Une adoption inégale selon l’âge et la classe sociale

Chaque catégorie démographique révèle des écarts importants. L’utilisation de l’IA générative s’avère particulièrement répandue chez les jeunes, où 85 % des 18-24 ans y ont recours, tandis que ce pourcentage est considérablement plus bas chez les seniors. Les disparités sont également nettes en fonction des catégories socioprofessionnelles.

Chez les cadres et professions intellectuelles supérieures, l’utilisation dépasse 75 %, alors qu’elle reste limitée chez les individus moins diplômés ou moins familiarisés avec les technologies numériques. Ces chiffres témoignent d’une appropriation inégale, influencée par les compétences numériques, le contexte professionnel et l’accès à la formation.
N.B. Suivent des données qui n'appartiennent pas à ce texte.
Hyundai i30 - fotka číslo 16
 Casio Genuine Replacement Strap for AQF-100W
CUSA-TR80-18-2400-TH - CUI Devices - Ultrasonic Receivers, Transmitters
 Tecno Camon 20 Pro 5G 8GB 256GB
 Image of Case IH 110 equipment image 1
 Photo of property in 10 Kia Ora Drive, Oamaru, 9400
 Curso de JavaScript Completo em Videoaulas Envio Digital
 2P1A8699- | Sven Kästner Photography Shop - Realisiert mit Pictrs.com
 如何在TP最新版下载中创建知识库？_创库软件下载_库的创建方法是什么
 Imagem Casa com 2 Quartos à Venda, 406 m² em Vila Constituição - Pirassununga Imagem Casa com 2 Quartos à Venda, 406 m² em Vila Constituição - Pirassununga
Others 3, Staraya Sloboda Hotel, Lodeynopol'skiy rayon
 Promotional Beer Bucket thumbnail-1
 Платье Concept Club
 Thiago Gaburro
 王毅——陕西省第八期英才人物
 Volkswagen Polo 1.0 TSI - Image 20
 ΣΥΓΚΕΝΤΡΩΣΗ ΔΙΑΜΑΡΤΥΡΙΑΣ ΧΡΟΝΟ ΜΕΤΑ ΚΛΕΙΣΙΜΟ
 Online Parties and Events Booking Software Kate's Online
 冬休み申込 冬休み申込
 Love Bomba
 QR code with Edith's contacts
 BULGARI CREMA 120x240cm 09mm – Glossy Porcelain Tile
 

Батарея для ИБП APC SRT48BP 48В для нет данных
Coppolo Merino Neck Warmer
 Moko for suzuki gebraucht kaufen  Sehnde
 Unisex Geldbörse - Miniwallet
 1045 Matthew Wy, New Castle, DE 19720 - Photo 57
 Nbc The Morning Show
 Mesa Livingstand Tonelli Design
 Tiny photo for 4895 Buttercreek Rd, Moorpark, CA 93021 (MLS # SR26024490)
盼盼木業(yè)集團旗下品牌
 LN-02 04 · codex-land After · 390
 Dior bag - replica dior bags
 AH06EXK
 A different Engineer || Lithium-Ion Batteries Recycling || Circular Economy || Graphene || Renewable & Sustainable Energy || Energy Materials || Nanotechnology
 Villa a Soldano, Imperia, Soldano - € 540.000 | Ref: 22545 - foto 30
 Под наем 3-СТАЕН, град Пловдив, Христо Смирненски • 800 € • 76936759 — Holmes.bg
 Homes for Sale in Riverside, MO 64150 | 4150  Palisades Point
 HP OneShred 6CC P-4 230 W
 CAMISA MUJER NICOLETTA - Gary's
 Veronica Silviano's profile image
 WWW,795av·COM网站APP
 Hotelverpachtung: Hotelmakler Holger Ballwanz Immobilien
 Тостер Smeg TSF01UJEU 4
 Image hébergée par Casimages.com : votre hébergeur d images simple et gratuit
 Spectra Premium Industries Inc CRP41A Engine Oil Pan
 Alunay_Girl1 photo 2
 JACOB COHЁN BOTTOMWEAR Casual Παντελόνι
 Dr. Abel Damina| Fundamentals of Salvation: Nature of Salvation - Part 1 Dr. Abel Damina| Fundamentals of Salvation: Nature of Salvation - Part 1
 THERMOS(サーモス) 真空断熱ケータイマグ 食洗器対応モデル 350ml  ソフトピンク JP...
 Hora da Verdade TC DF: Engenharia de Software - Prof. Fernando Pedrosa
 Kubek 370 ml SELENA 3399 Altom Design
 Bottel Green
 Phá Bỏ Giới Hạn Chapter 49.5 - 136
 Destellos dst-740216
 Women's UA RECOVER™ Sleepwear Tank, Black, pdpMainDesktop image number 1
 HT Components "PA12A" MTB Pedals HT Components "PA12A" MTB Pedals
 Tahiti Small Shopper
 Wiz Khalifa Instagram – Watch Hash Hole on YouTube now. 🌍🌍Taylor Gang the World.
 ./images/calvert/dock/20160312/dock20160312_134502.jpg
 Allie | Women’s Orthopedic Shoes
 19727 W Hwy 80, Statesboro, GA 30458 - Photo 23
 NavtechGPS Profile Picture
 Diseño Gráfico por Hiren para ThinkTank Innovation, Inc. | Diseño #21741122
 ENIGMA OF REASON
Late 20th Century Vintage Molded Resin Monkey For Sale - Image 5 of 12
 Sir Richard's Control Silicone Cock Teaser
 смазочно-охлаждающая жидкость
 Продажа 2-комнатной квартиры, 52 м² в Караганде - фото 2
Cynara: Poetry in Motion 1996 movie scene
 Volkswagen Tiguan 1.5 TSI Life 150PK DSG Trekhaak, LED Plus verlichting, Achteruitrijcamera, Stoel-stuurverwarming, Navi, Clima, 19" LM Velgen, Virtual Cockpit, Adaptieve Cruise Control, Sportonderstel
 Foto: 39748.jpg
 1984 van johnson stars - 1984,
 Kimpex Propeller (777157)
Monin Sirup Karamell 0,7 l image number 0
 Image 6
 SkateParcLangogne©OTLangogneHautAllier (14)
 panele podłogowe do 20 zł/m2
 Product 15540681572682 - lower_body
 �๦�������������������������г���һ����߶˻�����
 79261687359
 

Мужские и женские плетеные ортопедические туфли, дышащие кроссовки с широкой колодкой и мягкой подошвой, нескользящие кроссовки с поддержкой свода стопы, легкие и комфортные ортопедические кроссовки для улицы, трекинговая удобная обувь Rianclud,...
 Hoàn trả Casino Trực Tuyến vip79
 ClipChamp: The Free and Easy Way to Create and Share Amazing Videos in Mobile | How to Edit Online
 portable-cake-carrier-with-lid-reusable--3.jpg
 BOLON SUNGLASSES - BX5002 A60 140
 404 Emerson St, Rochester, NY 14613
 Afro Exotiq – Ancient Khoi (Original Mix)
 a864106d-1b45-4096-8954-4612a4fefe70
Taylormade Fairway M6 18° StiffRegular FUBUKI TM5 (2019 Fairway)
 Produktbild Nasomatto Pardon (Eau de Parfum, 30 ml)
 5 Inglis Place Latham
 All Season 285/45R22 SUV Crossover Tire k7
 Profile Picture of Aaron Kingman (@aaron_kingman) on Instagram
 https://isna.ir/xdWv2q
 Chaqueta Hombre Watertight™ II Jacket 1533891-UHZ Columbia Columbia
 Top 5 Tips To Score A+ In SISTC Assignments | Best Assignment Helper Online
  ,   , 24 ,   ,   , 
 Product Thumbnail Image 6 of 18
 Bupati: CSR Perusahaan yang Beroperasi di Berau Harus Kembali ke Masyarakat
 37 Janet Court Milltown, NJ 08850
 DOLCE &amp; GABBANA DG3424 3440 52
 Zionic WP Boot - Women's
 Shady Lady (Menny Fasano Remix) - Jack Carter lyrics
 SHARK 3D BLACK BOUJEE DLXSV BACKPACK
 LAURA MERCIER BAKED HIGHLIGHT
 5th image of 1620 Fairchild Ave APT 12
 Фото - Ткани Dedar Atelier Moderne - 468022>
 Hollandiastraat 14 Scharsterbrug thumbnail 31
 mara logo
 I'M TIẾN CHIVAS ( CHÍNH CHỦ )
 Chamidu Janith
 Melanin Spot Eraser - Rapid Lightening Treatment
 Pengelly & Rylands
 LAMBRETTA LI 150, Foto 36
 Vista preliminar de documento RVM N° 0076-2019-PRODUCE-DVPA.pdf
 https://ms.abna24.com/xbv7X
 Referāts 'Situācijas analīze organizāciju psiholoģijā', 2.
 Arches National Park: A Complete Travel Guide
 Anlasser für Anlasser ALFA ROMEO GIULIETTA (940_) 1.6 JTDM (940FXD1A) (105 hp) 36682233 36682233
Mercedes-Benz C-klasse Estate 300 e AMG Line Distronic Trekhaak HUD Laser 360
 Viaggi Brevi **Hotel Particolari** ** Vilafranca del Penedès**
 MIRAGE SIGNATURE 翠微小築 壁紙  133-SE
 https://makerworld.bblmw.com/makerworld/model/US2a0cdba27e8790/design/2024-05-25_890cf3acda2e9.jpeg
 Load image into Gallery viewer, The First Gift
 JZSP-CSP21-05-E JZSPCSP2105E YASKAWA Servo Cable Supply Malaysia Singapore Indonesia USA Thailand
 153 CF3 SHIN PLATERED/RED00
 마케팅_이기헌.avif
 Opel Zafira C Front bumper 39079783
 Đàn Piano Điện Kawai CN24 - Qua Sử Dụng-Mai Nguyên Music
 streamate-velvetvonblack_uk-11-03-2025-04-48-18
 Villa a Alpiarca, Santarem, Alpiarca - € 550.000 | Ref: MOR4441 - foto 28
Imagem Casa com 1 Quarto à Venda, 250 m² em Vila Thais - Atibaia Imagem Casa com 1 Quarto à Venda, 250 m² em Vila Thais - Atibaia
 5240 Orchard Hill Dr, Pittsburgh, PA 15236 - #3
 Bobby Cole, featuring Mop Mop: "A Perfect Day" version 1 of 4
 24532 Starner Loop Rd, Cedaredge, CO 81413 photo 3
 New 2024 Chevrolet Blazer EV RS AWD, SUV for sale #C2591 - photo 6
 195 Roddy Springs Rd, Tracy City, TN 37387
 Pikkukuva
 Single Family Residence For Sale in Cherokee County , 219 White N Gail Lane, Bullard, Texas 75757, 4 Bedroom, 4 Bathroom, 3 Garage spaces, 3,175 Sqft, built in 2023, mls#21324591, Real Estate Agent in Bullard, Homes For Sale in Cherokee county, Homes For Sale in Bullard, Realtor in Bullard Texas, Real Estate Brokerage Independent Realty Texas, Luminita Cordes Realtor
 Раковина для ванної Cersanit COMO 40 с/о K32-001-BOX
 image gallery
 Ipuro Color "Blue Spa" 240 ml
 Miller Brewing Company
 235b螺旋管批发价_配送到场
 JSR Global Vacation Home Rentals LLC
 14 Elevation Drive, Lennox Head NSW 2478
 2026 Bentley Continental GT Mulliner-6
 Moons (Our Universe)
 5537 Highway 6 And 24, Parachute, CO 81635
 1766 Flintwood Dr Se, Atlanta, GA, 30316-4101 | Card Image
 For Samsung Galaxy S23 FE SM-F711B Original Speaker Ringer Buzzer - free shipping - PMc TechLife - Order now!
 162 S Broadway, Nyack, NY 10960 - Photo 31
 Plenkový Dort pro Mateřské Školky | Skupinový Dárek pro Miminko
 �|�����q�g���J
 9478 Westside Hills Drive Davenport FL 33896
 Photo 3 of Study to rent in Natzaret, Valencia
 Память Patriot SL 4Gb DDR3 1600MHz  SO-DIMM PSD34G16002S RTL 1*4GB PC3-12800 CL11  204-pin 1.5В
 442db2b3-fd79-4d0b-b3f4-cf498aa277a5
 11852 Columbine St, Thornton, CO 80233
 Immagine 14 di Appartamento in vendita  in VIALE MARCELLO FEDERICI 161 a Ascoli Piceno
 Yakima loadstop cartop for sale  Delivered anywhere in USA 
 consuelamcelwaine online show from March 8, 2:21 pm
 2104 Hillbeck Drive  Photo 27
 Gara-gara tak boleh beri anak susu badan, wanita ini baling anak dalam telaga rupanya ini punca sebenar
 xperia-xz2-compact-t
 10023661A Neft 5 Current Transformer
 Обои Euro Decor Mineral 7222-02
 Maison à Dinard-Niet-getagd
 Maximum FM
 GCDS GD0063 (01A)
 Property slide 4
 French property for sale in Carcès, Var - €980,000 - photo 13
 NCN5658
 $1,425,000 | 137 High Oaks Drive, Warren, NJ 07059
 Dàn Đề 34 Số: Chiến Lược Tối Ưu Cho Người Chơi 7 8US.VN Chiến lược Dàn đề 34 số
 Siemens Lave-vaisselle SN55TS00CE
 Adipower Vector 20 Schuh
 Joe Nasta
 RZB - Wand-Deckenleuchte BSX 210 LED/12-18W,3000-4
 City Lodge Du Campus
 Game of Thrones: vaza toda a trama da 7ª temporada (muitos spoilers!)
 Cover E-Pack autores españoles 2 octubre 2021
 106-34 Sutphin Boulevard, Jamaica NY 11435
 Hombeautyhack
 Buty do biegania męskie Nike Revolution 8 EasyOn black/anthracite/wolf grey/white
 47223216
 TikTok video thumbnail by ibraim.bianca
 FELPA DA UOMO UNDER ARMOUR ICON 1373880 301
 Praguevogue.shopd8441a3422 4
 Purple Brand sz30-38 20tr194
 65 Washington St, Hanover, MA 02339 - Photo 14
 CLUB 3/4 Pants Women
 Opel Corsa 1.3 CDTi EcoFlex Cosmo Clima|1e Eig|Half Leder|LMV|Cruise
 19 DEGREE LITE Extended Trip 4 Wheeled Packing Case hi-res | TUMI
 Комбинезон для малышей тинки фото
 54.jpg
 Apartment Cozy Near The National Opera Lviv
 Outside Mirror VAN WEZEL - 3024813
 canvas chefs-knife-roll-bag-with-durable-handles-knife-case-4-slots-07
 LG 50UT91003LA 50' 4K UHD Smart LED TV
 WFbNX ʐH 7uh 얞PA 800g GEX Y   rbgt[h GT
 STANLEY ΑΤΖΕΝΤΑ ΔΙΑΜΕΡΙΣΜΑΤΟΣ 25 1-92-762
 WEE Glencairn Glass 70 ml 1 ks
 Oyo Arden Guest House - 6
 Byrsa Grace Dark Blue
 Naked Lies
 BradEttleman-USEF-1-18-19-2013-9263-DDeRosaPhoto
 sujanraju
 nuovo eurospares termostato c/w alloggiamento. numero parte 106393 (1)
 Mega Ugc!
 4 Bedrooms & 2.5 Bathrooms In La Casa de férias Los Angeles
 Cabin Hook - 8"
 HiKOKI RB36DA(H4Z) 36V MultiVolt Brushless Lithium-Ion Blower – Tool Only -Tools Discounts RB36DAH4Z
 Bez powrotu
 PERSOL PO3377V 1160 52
ChatGPT, un leader en matière d’usage, mais des pratiques diverses

Dans le monde des outils d’IA générative, ChatGPT occupe une place prépondérante. Selon le Baromètre du numérique, près de 63 % des utilisateurs de l’IA générative affirment l’utiliser principalement, devançant largement ses concurrents. Cette tendance se justifie par sa notoriété ainsi que par sa grande polyvalence.

Cependant, le rapport souligne que les pratiques évoluent : plus d’un utilisateur sur deux fait appel à plusieurs outils différents, surtout lorsque l’IA est liée à des logiciels courant en bureautique, de messagerie ou de création de contenus. Pour une partie des usagers, l’IA devient donc moins identifiable comme un outil autonome et davantage comme une caractéristique intégrée.

Entre adoption rapide et réserves persistantes

Malgré ce développement, l’adhésion à ces technologies reste incomplète. Le Baromètre met en avant des préoccupations persistantes au sujet de la fiabilité des réponses, de la sécurité des données personnelles et de l’impact potentiel sur l’emploi. Ces inquiétudes coexistent avec des usages concrets, illustrant une relation nuancée avec la technologie.

L’IA générative se situe donc à un stade intermédiaire : suffisamment adoptée pour modifier certaines pratiques, mais encore loin d’une intégration pleinement acceptée. Son ancrage durable dans l’environnement numérique dépendra largement des efforts pour accompagner les utilisateurs et réduire les inégalités d’accès.